# Possible Sept. Shot



## SteveJ (Jun 24, 2020)

Something simple to restart, maybe its too simple, tell me what you think 

Use the average Joes fav. target , a 12 oz can

either 10 shots at 10M trying for most hits

or maybe 10 or 15 shots at 15M same deal.

Measure like they do on ISCOR 

Video could be done over the shoulder, and you could hear the can hit & prob see it move ,, or with the mirror method. 

Mr Neymans card cut is way beyond me , so Im just spit balling . Ive got a 3d printed frame I would send to the winner, and maybe someone else would chip in too

We could do it all Sept. If we did this , could we submit multiple vids, so you could post one a week in, 2.3 or whatever then keep at it and have our best as a final post date towards then end of the month?

Or if this idea is crap thats cool too


----------



## SteveJ (Jun 24, 2020)

The Average Joe Shoot lol


----------



## High Desert Flipper (Aug 29, 2020)

SteveJ said:


> Something simple to restart, maybe its too simple, tell me what you think
> 
> Use the average Joes fav. target , a 12 oz can
> 
> ...



I'll go in even without the generous offer of a prize, just think it would be fun to watch the vids and seeing how many hits people can score.


----------



## SteveJ (Jun 24, 2020)

me too, just thinking, which one would you prefer , the 10 at 10 , 10 or 15 at 15 ??

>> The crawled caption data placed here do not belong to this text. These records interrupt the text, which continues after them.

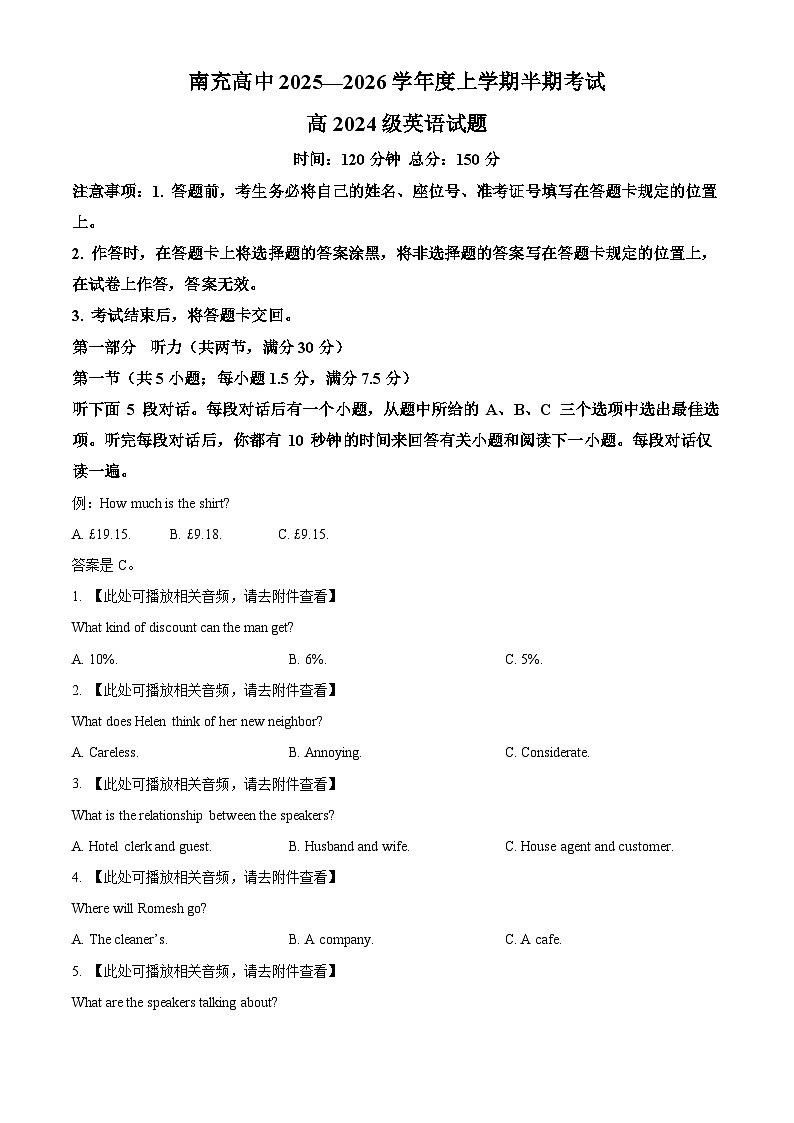 四川省南充高级中学2025-2026学年高二上学期11月期中英语试题（原卷版）第1页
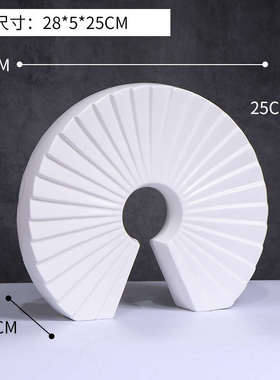 现代北欧轻奢意式风扇形贝壳造型陶瓷工艺品摆件家居样板房软装饰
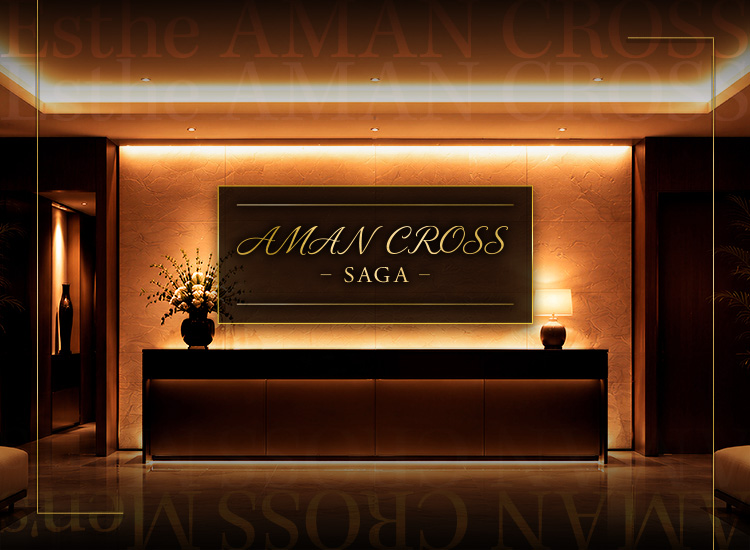 AMAN CROSS -アマンクロス-
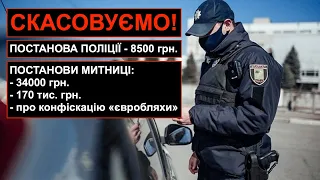 Скасовуємо постанови митниці про штрафи!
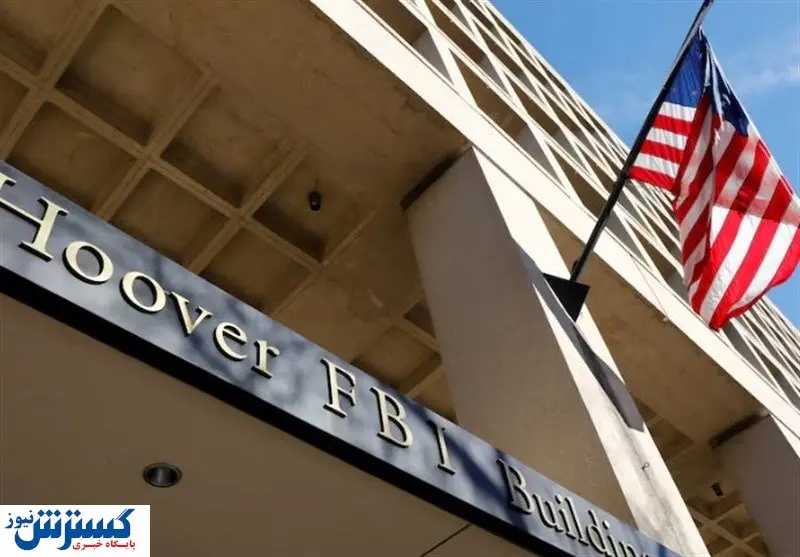 اقدام عجیب ترامپ در رادیو مردم کشورش را متعجب کرد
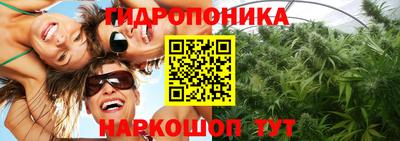 тгк Первоуральск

the frame I spoke of is one too small for my hand,, I got it ion a trade , but someone may like it, and even if they didnt ,they could still have as a souvenier


----------



## High Desert Flipper (Aug 29, 2020)

Not sure, maybe do both 10 at 10 and 15 at 15 as two categories?


----------



## SteveJ (Jun 24, 2020)

good idea, I know a lot of people shooting goes down in front of a camera , I know mine does , so Im just trying to get the average Joes like myself going easy like


----------



## Stankard757 (Apr 20, 2020)

Ooooh this sounds like it would be fun

Sent from my LE2117 using Tapatalk


----------



## wolfboi823 (May 11, 2021)

I'm fixing to have to invest in a camera to show y'all how bad shooting can really be. Looking forward to trying these challenges going forward 

Sent from my SM-N986U using Tapatalk


----------



## Sandstorm (Apr 5, 2021)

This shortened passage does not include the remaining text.